Caption-style text data:
■ ■ ■ ■ ■ ■ ■

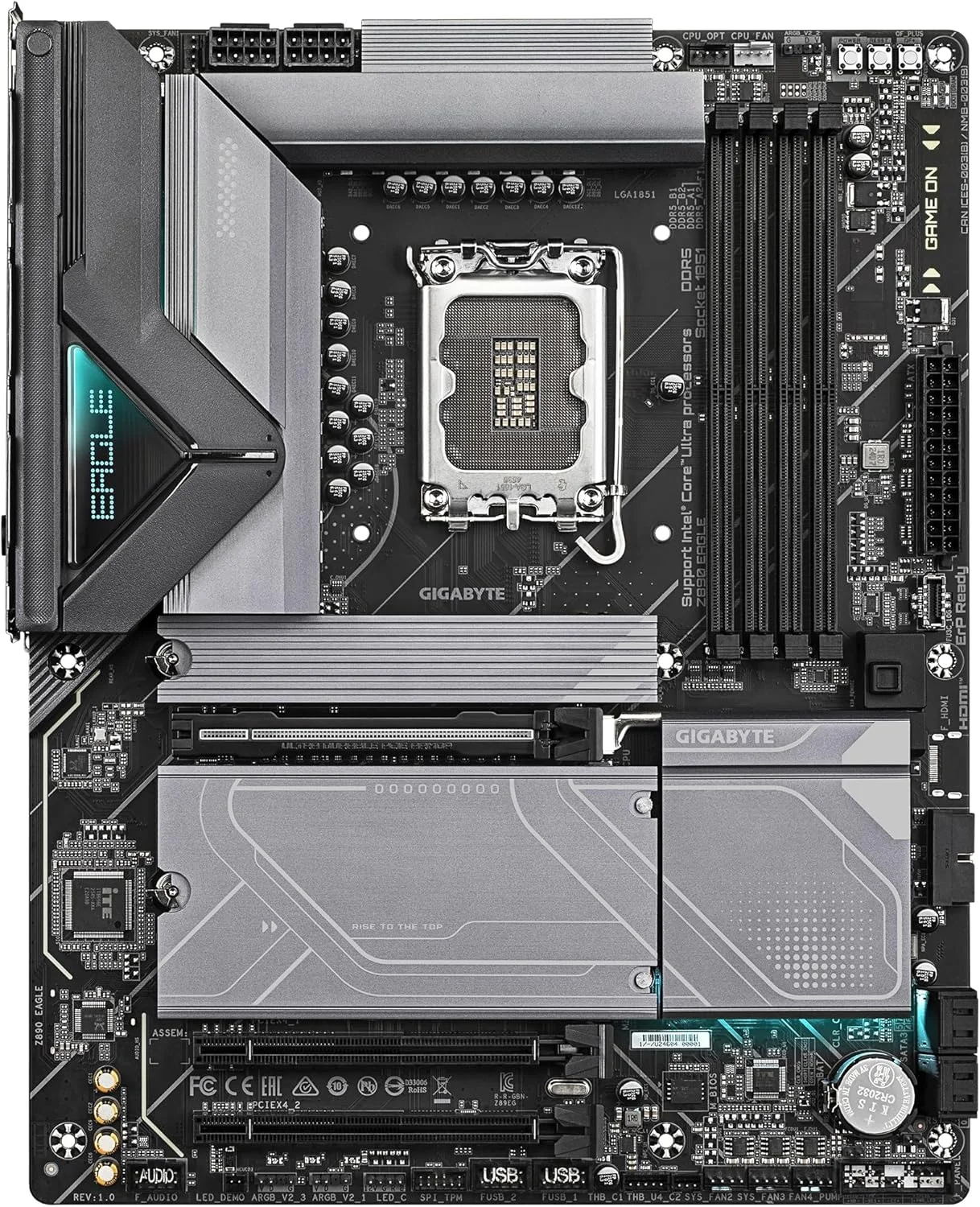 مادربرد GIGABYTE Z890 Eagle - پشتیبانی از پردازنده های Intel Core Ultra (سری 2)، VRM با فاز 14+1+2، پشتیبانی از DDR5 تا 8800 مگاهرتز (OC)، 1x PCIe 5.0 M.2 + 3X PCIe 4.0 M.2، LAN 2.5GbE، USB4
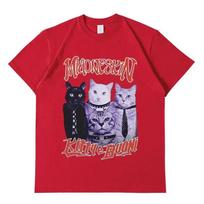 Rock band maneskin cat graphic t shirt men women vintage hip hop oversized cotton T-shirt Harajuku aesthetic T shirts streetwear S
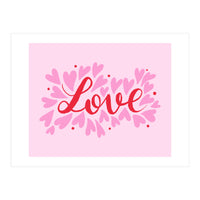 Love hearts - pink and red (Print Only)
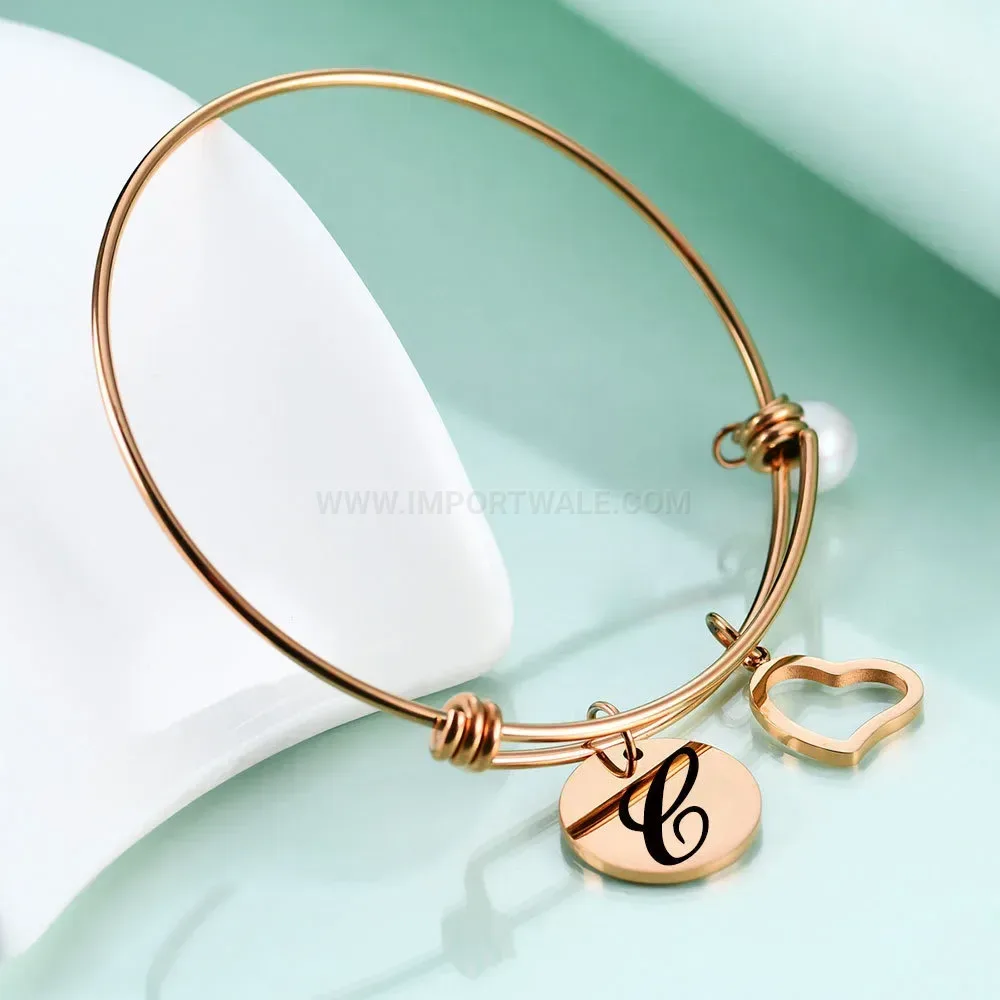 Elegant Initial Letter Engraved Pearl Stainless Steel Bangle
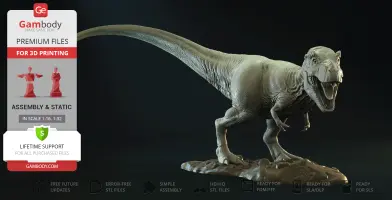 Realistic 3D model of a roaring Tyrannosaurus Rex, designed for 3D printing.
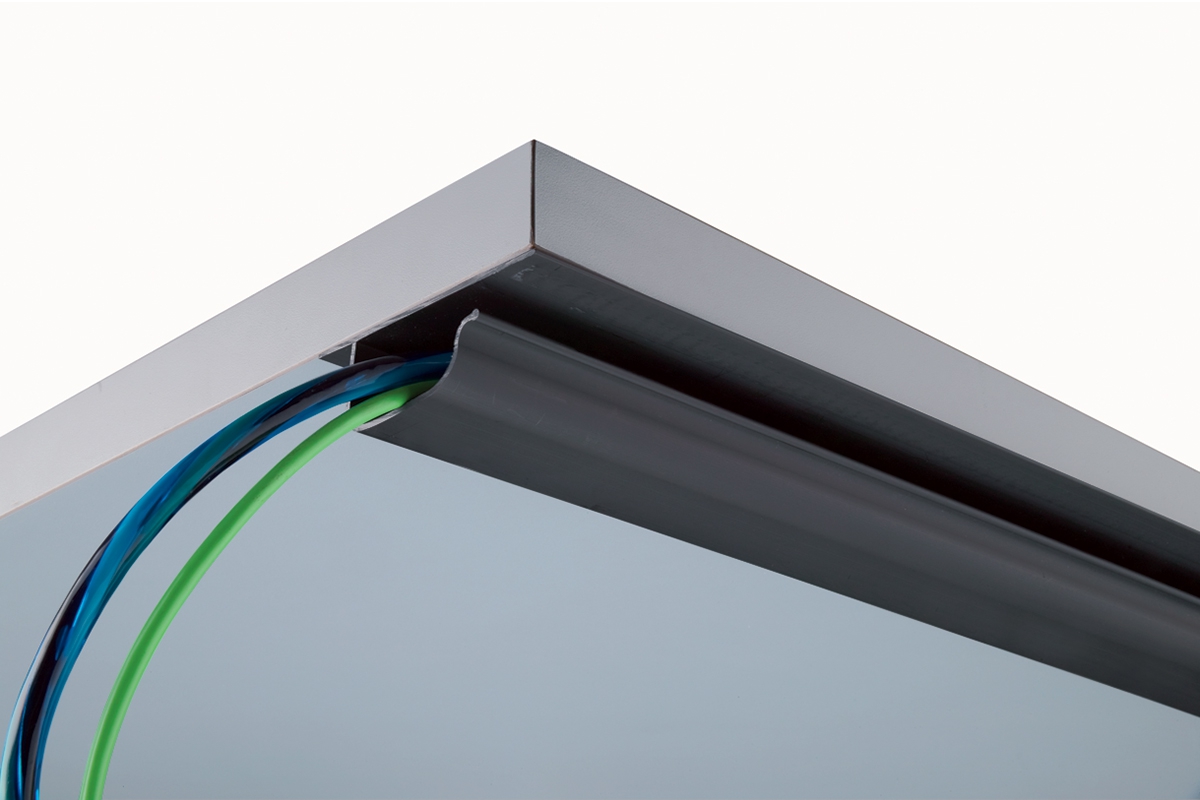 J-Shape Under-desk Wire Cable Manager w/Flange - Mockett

■ ■ ■ ■ ■ ■ ■

Assigned task:
Write out exactly the lines from the one containing "Rock band maneskin" to the last line of the records above, both included, and leave out any pictures.

Written solution:
 Rock band maneskin cat graphic t shirt men women vintage hip hop oversized cotton T-shirt Harajuku aesthetic T shirts streetwear S
 Love hearts - pink and red (Print Only)
 Elegant Initial Letter Engraved Pearl Stainless Steel Bangle
 Realistic 3D model of a roaring Tyrannosaurus Rex, designed for 3D printing.
 J-Shape Under-desk Wire Cable Manager w/Flange - Mockett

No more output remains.